Material for this task:
= Beginning of Section =

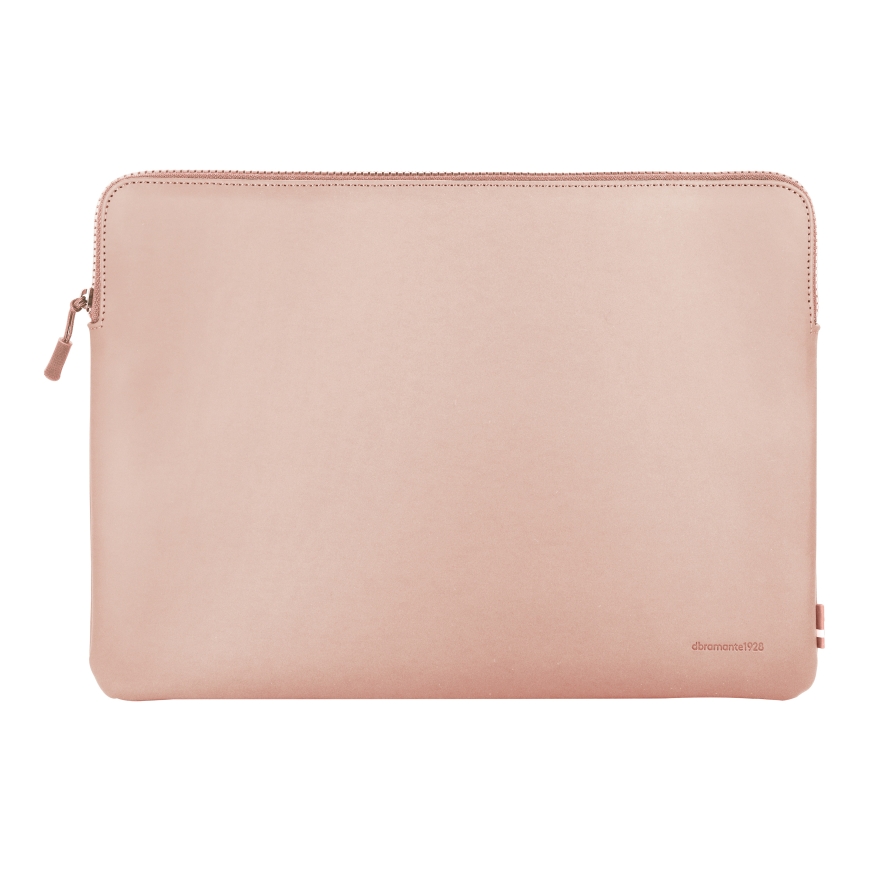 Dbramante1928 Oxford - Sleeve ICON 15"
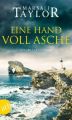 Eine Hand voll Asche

= End of Section =
= Beginning of Section =

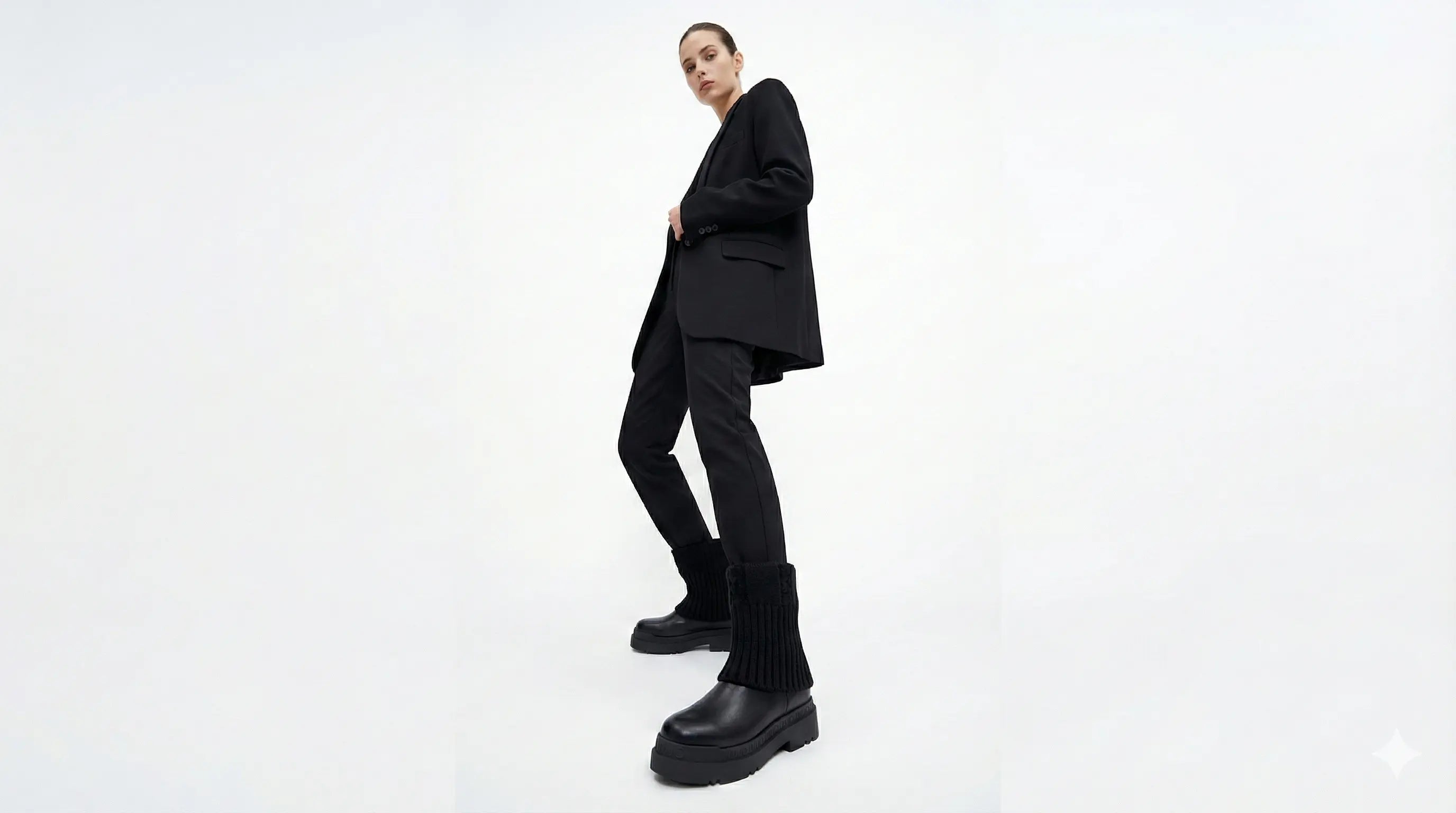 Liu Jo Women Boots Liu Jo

= End of Section =

Nothing outside the stretch above, from the line with "Dbramante1928 Oxford - Sleeve" through the line with "Eine Hand voll Asche", is set down. Transcribe that stretch exactly, ends included, but not its pictures.

 Dbramante1928 Oxford - Sleeve ICON 15"
 Eine Hand voll Asche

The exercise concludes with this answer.